“Would you tell me please, which way I ought to go from here?” asked Alice.
“That depends a good deal on where you want to get to,” said the Cat.
Truer words were never spoken, especially in the context of embarking on a new organization-wide project. And because it affects all parts of the organization, launching a data governance program requires more stakeholder and executive buy-in than any other internal project. This is why having a data governance roadmap is crucial–roadmaps help the organization as a body keep its eyes on the goal, track pace and progress using milestones and communicate outcomes effectively to the larger team.
Six phases of data governance
1. Getting started
A number of factors impact how the data governance plan will be rolled out in the organization: the size of the company, the nature of the industry, the IT structure or the maturity of current data management practices. The first step is to understand and agree upon the primary goal of the program based on the business’ needs: availability, quality, compliance or security. These goals will directly influence the path your program will take to completion.
Suppose that your primary goal is to make data available to different teams/functions to enable decision making. In this case, data owners will play a big role in the program, granting permissions and controlling data access. Regular backups must be conducted to mitigate the risk of data loss and regular audits to ensure compliance and security. Now suppose the primary goal of the governance program is data security, your approach will be slightly different. The thrust will be on establishing decision rights, assessing risk and developing security frameworks, procuring and implementing tools to safeguard data and implementing tokenization, data masking and data vault solutions.
2. Need analysis and requirements gathering
Your data governance program will be driven largely by the requirements of various teams within the organization. A good way to gather these data pain points is through extensive stakeholder interviews. The information collected could be qualitative or anecdotal, but running root cause and impact analyses will help you understand their significance.
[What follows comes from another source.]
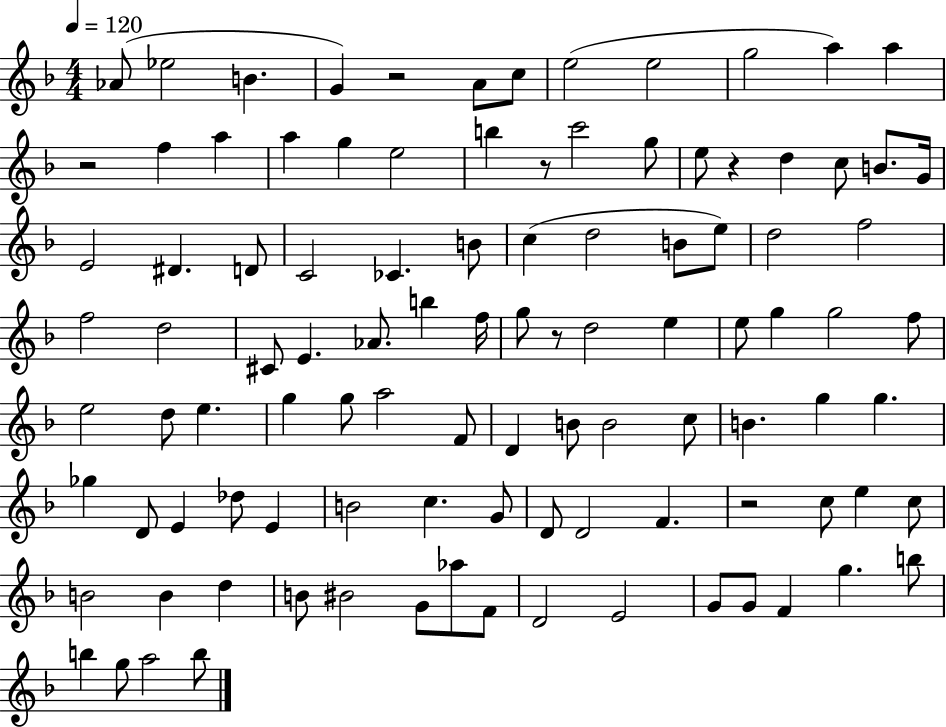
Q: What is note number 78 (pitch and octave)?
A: C5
However, interviews aren’t the only way to collect requirements. Conducting an inventory of these factors will also help you understand what the organization needs from a data governance perspective:
- Compliance regulations. For e.g. industry: HIPAA, SEC, BASEL, SOX, etc.; regional: data/records retention laws, tax laws, privacy laws, data sovereignty laws, etc.
- Policies and standards that exist in the organization.
- Processes that currently exist for data governance.
- Any existing charters, such as an IT steering committee charter.
- IT’s strategic plans for the short and long term
- Enterprise architecture frameworks.
- Organizational technology standards.
Do note that sometimes, constraints can also be requirements. For instance, a lack of skills within the organization to analyze data quality or apply compliance knowledge indicates a training need.
3. Doing a gap analysis
A gap analysis helps you understand the distance between your current and future states of data governance. Sit down with all the relevant stakeholders and do a line item review of a documented list of current and future states of every aspect of the organization that handles or uses data. Identifying the largest activity gaps helps you decide where efforts should be focused.
Consider the implications of every gap identified and determine the actions to be taken. Remember, not all gaps need to be closed. For example, if you have a gap in the data security section, but your data is relatively insensitive to security issues, don’t spend time working on this.
For gaps that need to be bridged, brainstorm what effort and activities will be needed to build the necessary capabilities and reach the target level. Asking questions like ‘What activities must occur to enable this capability?’ and ‘What changes/additions must be made to resources, process, technology, business involvement, and communication?’ will help you arrive at answers.
4. The need for Effort/Transition Mapping
Hardly any organization will have unlimited resources or bandwidth to dedicate to data governance initiatives. Thus, prioritizing initiatives based on feasibility and benefits becomes imperative. Such prioritization–and sequencing of subsequent initiatives–depends not just on the assessed benefits of each project but also the effort/transition constraints involved. This is where plotting an Effort vs Benefit map will help.
5. Before moving to implementation
Estimate the total cost of the program initiatives and the funding required. Cost heads would include allocating additional roles to existing employees (data owners and data stewards), hiring additional employees (chief data officer, subject matter experts, etc), training stakeholders on new data governance processes (on-the-job, online, external, etc) and communicating the new governance structures and processes to the organization (roadshows, meetings, emails, newsletters, etc.)
Attaining buy-in, but not commitment, remains one of the key reasons data governance initiatives don’t succeed. Those involved in a data governance initiative must actively participate and believe in the program and its end results. If this doesn’t happen, executive and stakeholder buy-in provides no support beyond budget approval and data governance simply becomes a low priority task added to increasingly busy schedules. So set the right expectations with your executive sponsors to ensure the success of your program.